Excess \(\mathrm{Ca}(\mathrm{OH})_{2}\) is shaken with water to produce a saturated solution. The solution is filtered, and a 50.00 -mL sample titrated with \(\mathrm{HCl}\) requires \(11.23 \mathrm{~mL}\) of \(0.0983 \mathrm{MHCl}\) to reach the end point. Calculate \(K_{s p}\) for \(\mathrm{Ca}(\mathrm{OH})_{2} .\) Compare your result with that in Appendix D. Suggest a reason for any differences you find between your value and the one in Appendix D.

The osmotic pressure of a saturated solution of lead(II) sulfate \(\left(\mathrm{PbSO}_{4}\right)\) at \(25^{\circ} \mathrm{C}\) is \(3.93 \mathrm{kPa}\). What is the solubility product of this salt at \(25^{\circ} \mathrm{C} ?\)

A concentration of \(10-100\) parts per billion (by mass) of \(\mathrm{Ag}^{+}\) is an effective disinfectant in swimming pools. However, if the concentration exceeds this range, the \(\mathrm{Ag}^{+}\) can cause adverse health effects. One way to maintain an appropriate concentration of \(\mathrm{Ag}^{+}\) is to add a slightly soluble salt to the pool. Using \(K_{s p}\) values from Appendix \(D\), calculate the equilibrium concentration of \(\mathrm{Ag}^{+}\) in parts per billion that would exist in equilibrium with (a) AgCl, (b) AgBr, (c) AgI.

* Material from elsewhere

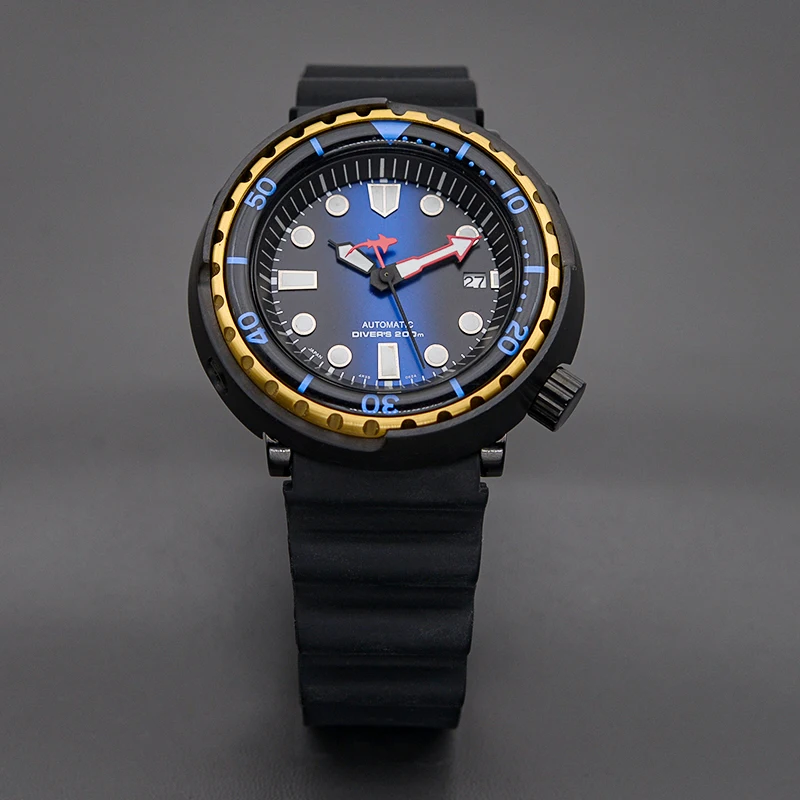 Black Tuna Case Watch Seiko Mod Wristwatch Waterproof Sapphire Crystal NH35 NH36 Movement Luminous Dial Diving Men Watch Parts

Fluoridation of drinking water is employed in many places to aid in the prevention of tooth decay. Typically. the \(\mathrm{F}^{-}\) ion concentration is adjusted to about \(1 \mathrm{ppm}\). Some water supplies are also "hard"; that is, they contain certain cations such as \(\mathrm{Ca}^{2+}\) that interfere with the action of soap. Consider a case where the concentration of \(\mathrm{Ca}^{2+}\) is \(8 \mathrm{ppm}\). Could a precipitate of \(\mathrm{CaF}_{2}\) form under these conditions? (Make any necessary approximations.)

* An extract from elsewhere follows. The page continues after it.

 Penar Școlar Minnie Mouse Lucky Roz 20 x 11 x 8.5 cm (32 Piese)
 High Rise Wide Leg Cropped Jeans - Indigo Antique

Baking soda (sodium bicarbonate, \(\mathrm{NaHCO}_{3}\) ) reacts with acids in foods to form carbonic acid \(\left(\mathrm{H}_{2} \mathrm{CO}_{3}\right),\) which in turn decomposes to water and carbon dioxide gas. In a cake batter, the \(\mathrm{CO}_{2}(g)\) forms bubbles and causes the cake to rise. \((\mathbf{a})\) A rule of thumb in baking is that \(1 / 2\) teaspoon of baking soda is neutralized by one cup of sour milk. The acid component in sour milk is lactic acid, \(\mathrm{CH}_{3} \mathrm{CH}(\mathrm{OH}) \mathrm{COOH}\). Write the chemical equation for this neutralization reaction. (b) The density of baking soda is \(2.16 \mathrm{~g} / \mathrm{cm}^{3}\). Calculate the concentration of lactic acid in one cup of sour milk (assuming the rule of thumb applies), in units of mol/L. (One cup \(=236.6 \mathrm{~mL}=48\) teaspoons \() .(\mathbf{c})\) If \(1 / 2\) teaspoon of baking soda is indeed completely neutralized by the lactic acid in sour milk, calculate the volume of carbon dioxide gas that would be produced at a pressure of \(101.3 \mathrm{kPa}\), in an oven set to \(177^{\circ} \mathrm{C}\).